Both CPUs and GPUs have pre-defined architectures, with a fixed number of cores, a fixed-instruction set, and a rigid memory architecture. GPUs scale performance through the number of cores and by employing SIMD/SIMT parallelism. In contrast, programmable devices are fully customizable architectures. The developer creates compute units that are optimized for application needs. Performance is achieved by creating deeply pipelined datapaths, rather than multiplying the number of compute units.
Think of a CPU as a group of workshops, with each one employing a very skilled worker. These workers have access to general purpose tools that let them build almost anything. Each worker crafts one item at a time, successively using different tools to turn raw material into finished goods. This sequential transformation process can require many steps, depending on the nature of the task. The workshops are independent, and the workers can all be doing different tasks without distractions or coordination problems.

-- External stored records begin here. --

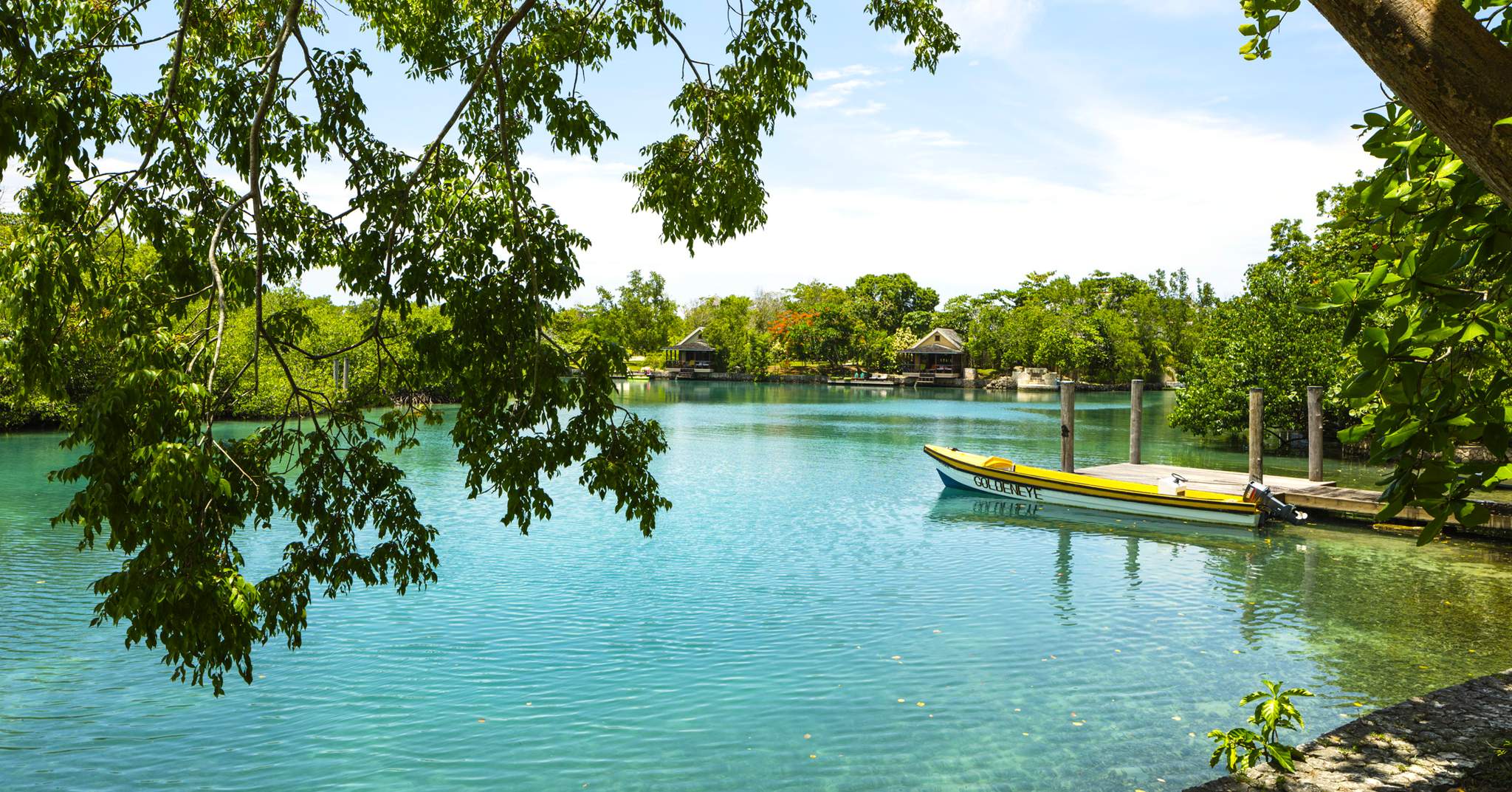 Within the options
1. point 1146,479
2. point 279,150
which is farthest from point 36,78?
point 1146,479

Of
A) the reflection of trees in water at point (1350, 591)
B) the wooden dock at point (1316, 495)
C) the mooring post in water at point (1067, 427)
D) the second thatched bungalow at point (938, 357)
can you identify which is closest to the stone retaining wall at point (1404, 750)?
the reflection of trees in water at point (1350, 591)

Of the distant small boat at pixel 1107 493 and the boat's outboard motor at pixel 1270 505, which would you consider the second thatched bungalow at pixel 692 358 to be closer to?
the distant small boat at pixel 1107 493

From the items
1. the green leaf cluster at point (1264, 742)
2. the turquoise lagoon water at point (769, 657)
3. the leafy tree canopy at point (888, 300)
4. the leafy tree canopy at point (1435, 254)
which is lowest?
the turquoise lagoon water at point (769, 657)

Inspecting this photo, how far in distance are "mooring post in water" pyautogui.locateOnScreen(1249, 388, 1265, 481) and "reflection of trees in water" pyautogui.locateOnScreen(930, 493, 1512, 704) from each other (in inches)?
76.3

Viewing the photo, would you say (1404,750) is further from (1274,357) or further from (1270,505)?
(1274,357)

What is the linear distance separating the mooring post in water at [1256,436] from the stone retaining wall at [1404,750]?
36.8 ft

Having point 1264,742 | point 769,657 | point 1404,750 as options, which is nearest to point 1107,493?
point 769,657

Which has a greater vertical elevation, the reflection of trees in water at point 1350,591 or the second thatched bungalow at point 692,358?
the second thatched bungalow at point 692,358

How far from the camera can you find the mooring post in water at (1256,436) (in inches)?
672

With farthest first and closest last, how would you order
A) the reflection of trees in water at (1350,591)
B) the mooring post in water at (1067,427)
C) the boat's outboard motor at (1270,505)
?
the mooring post in water at (1067,427) → the boat's outboard motor at (1270,505) → the reflection of trees in water at (1350,591)

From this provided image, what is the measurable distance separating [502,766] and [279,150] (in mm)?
4514

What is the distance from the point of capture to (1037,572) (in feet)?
41.5

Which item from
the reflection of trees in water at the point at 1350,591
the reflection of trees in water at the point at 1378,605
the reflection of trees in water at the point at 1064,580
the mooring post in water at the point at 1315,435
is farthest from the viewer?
the mooring post in water at the point at 1315,435

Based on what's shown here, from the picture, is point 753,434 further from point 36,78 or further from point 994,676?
point 36,78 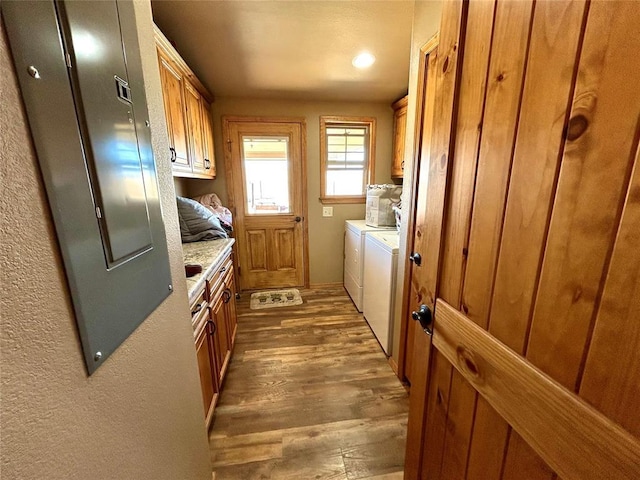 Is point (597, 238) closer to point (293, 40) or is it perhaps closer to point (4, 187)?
point (4, 187)

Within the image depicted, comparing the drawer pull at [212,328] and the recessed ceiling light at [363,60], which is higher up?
the recessed ceiling light at [363,60]

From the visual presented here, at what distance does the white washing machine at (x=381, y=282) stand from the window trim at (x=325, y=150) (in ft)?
3.24

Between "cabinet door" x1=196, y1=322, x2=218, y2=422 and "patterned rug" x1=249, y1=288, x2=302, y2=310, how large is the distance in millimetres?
1392

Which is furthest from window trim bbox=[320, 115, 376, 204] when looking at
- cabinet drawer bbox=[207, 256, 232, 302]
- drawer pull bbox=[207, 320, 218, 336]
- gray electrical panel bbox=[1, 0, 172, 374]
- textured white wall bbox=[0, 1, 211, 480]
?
textured white wall bbox=[0, 1, 211, 480]

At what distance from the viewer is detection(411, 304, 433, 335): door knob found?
867 mm

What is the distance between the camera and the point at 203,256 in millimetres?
1718

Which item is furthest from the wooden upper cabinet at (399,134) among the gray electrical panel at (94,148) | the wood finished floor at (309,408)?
the gray electrical panel at (94,148)

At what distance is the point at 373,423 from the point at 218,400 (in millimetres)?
1011

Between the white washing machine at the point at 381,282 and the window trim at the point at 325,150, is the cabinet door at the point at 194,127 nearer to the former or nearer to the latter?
the window trim at the point at 325,150

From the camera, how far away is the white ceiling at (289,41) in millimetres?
1505

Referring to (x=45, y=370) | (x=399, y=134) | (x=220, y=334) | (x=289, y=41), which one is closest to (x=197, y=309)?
(x=220, y=334)

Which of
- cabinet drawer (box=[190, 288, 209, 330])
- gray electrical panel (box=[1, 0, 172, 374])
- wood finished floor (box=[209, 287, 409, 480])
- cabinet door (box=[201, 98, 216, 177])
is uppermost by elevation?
cabinet door (box=[201, 98, 216, 177])

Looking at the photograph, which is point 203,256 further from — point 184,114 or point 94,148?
point 94,148

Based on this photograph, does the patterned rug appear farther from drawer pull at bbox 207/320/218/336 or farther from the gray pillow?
drawer pull at bbox 207/320/218/336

A GPU also has workshops and workers, but it has considerably more of them, and the workers are much more specialized. They have access to only specific tools and can do fewer things, but they do them very efficiently. GPU workers function best when they do the same few tasks repeatedly, and when all of them are doing the same thing at the same time. After all, with so many different workers, it is more efficient to give them all the same orders.
Programmable devices take this workshop analogy into the industrial age. If CPUs and GPUs are groups of individual workers taking sequential steps to transform inputs into outputs, programmable devices are factories with assembly lines and conveyer belts. Raw materials are progressively transformed into finished goods by groups of workers dispatched along assembly lines. Each worker performs the same task repeatedly and the partially finished product is transferred from worker to worker on the conveyer belt. This results in a much higher production throughput.
Another major difference with programmable devices is that the factories and assembly lines do not already exist, unlike the workshops and workers in CPUs and GPUs. To refine our analogy, a programmable device would be like a collection of empty lots waiting to be developed. This means that the device developer gets to build factories, assembly lines, and workstations, and then customizes them for the required task instead of using general purpose tools. And just like lot size, device real-estate is not infinite, which limits the number and size of the factories which can be built in the device. Properly architecting and configuring these factories is therefore a critical part of the device programming process.
Traditional software development is about programming functionality on a pre-defined architecture. Programmable device development is about programming an architecture to implement the desired functionality.